Monitoring Performance, Maximizing Efficiency
Making the best use of AWS cloud resources requires IT professionals to monitor their performance with rigor and precision.
Amazon Web Services (AWS) works wonderfully for a number of business scenarios: for startups that need to scale or have uncertain demand, services that need to rapidly scale, in-house data centers that are cost-prohibitive or unwieldy to manage, and more. But with these advantages, AWS also comes with practical limitations that IT professionals need to keep in mind. Oftentimes, changing your cloud configuration, opting for a flexible hybrid environment, or even moving an application in-house is more cost-effective than running up your cloud bill.
That’s because in some ways, AWS is like the Wild West – there are only a few rules, and you can get lost spinning up new services when you should really scale back. Only by using performance monitoring tools can organizations hope to find the delicate balance where maximal efficiency in the cloud is achieved. In other words, when you treat AWS like the animal that it is – a data center with an instantaneous on/off switch – you can learn to leverage its services to your benefit.
On of the most significant challenges with AWS is that it’s incredibly easy to spin up services on any whim – companies are often surprised by the large bill that tend to come at the end of the month as a result of these practices.
A TechTarget guide argues that the trouble is that many organizations treat AWS like an on-site data center, where it’s okay to leave machines offline when unneeded. They fail to realize that cloud instances continue to incur costs until they’re deleted, whereas physical hardware will merely sit there innocently. This also makes it easy for IT departments to lose track of their resources, such as EC2 elastic containers and reserve instances, making it unclear which services are value-creating and which are simply draining budget.
To guard against these risks, Techtarget recommends that cloud buyers employ tools to track three performance-indicating areas: logs, analytics, and app availability.
Logs are useful for finding problems on both an application and system level, especially when tools are programmed to send alerts flagging certain issues (enterprise environments are usually too complex to trawl manually).
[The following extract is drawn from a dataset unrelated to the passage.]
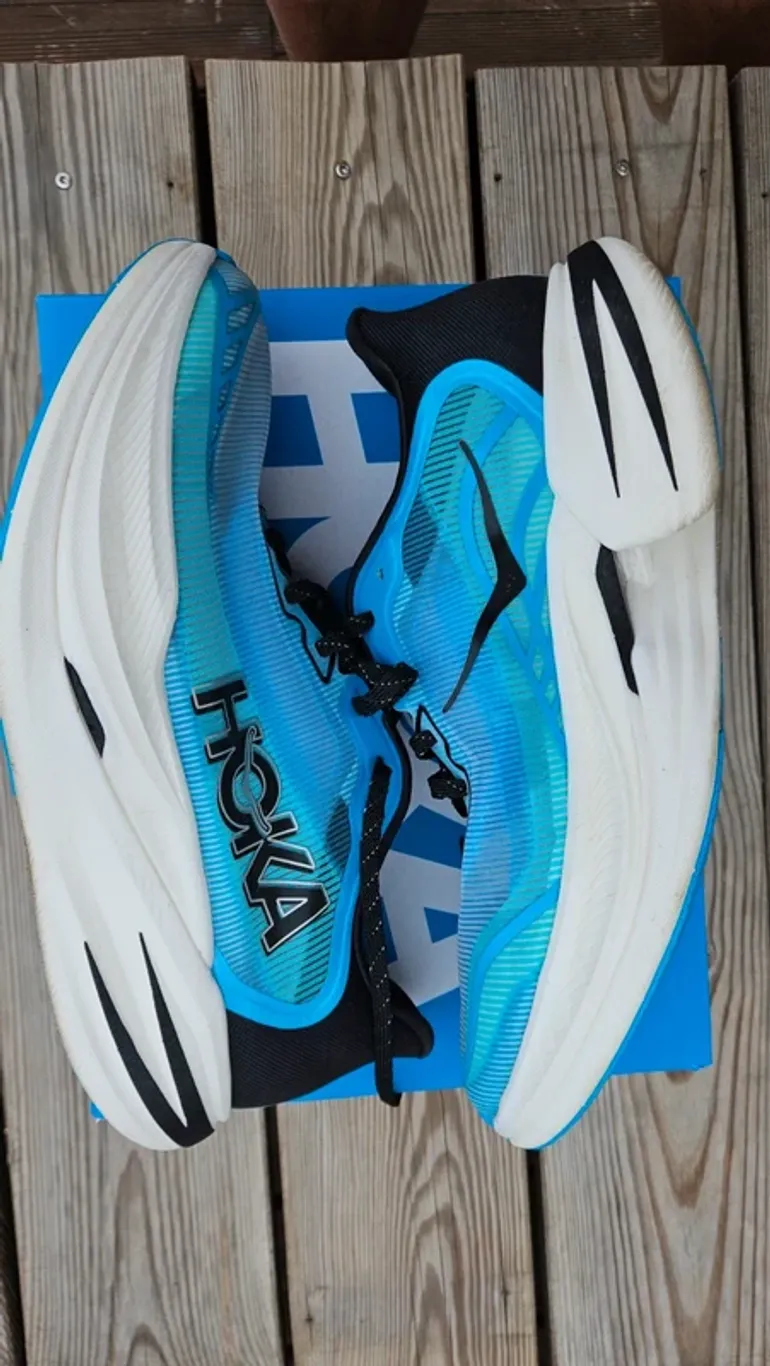 Used Hoka Cielo X1 2.0 bike — image 5 of 14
Analytics give you a measure of any number of key performance indicators (KPIs), and should enable you to standardize the performance of different IT platforms with a single dashboard – ideally, for your entire enterprise infrastructure. Finally, organizations should be able to measure their app performance, both in terms of current response speeds or availability, but also for testing the impact of upgrades and ‘what-if’ scenarios.
In aggregate, these measures should give organizations a much clearer idea of whether their current cloud spend or configuration is warranted. For example, tests might reveal that your apps could run just as effectively on a less costly server instance (or simply that you’re paying for superfluous services). Alternately, an app might reveal itself to be best suited for a cloud burst-type model, where you ramp up elastic resources only for brief, high-demand periods, otherwise leaving the app to run on local equipment.
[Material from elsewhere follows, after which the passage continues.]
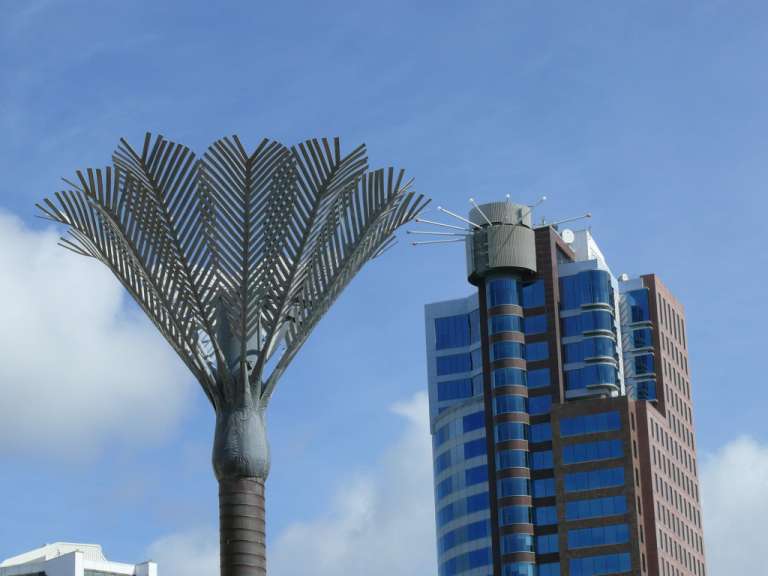 Wellington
The danger in the cloud, even with this kind of testing, is that organizations become so focused on many piecemeal efforts that they neglect the big picture. The goal, then, is to gain top-down control and perspective.
Tools such as TeamQuest’s Vityl suite of products can aggregate a wide variety of performance monitoring techniques into a single location. With such a view, organizations can use the cloud when the situation calls, leveraging its real advantages while avoiding the common problem of overspending. There’s no miracle button for maximizing performance and efficiency, but it’s target that companies should be making an effort to hitting as accurately as possible.